Halo sees this will take a while, so she gets comfy. "Dude, I'm WAITING!"


















Unfortunately, he didn't get any pictures of her recalls.


----------



## pupresq (Dec 2, 2005)

Even though they're not so artistic, they're great for seeing how the class was set up and everything going on. Very cool. I can't believe what a grown up lady Halo is! It's like that little puppy just vanished overnight.


----------



## JerzeyGSD (Jun 26, 2008)

Well, they're still great shots.







Once again, congrats to you and Halo!! Good work you two.


----------



## Annemarie (Feb 12, 2007)

Congrats!!!! Good girl Halo.

She is turning into quite the beauty.


----------



## Sean Rescue Mom (Jan 24, 2004)

Deb, Halo's focus is amazing and she gets prettier every time I see her.
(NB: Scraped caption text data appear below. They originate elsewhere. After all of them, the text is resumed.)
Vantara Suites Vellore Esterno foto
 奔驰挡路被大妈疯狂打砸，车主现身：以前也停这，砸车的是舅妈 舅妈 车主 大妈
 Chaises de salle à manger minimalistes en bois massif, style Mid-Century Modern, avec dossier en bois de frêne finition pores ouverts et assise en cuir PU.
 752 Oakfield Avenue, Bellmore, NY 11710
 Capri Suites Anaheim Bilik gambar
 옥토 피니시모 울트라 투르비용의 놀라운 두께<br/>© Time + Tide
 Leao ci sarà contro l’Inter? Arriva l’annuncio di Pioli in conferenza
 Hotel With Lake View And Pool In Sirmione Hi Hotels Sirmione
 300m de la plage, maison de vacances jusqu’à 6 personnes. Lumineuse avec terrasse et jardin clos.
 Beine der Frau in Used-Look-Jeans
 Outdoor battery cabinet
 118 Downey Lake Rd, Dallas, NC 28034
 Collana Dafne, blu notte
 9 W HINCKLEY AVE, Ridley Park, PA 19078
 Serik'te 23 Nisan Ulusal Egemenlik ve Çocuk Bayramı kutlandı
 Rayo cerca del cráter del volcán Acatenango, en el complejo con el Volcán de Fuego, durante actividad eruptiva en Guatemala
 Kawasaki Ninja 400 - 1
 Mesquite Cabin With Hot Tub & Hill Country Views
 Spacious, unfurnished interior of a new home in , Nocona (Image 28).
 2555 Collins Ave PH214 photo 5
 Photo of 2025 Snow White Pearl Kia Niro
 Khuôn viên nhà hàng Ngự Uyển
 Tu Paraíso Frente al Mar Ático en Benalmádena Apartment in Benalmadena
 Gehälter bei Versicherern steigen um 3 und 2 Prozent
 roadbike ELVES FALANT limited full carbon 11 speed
In the pic where you are counting if there are enough dogs for the cones, Halo is the only dog who is making eye contact with her handler (you).


----------



## lar07 (Dec 10, 2007)

wow...she is gorgeous!!!


----------



## VectorSketcher (Jul 20, 2008)

I ditto the wow, she really is a beauty!


----------



## I_LOVE_MY_MIKKO (Oct 4, 2006)

I haven't seen pictures of Halo in a while...she has really grown into a beautiful girl!! she looks like a pleasure to train too!


----------



## Fodder (Oct 21, 2007)

poor Tom, bless his heart for trying. however, in his favor - it really is hard to get a bad photo of Halo, she's a cutie, but somehow... she looks different from the photos we saw only weeks ago. bigger and darker.


----------



## 3K9Mom (Jun 12, 2006)

I rather like the photojournalism effect. Yeah, that's what Tom was doing -- photojournalism. Not artistic photography like YOU do!









It does seem like Halo has grown about 6 inches overnight. Pretty pretty girl! 

And of course, her training is amazing already. I see no reason to comment further on that.







The sky is blue, the sun rises in the east, and Deb's dogs are incredible







.


----------



## valb (Sep 2, 2004)

Only about a week and a half until I get to meet that doll!!


----------



## HarleyGirl52874 (Jun 16, 2006)

WOW has she she really grown! She is beautiful!!

And a GREAT BIG CONGRATS HALO!!!!!

Everybody sends Halo high paw for doing so great!


----------



## Cassidy's Mom (Mar 30, 2003)

> Originally Posted By: 3K9Mom... Deb's dogs are incredible


She's not perfect - Sunday morning Tom went to take a shower and found Halo TP'ing the bathroom. She had grabbed the end of the roll and was strolling out of the room with it, TP unfurling behind her as she went.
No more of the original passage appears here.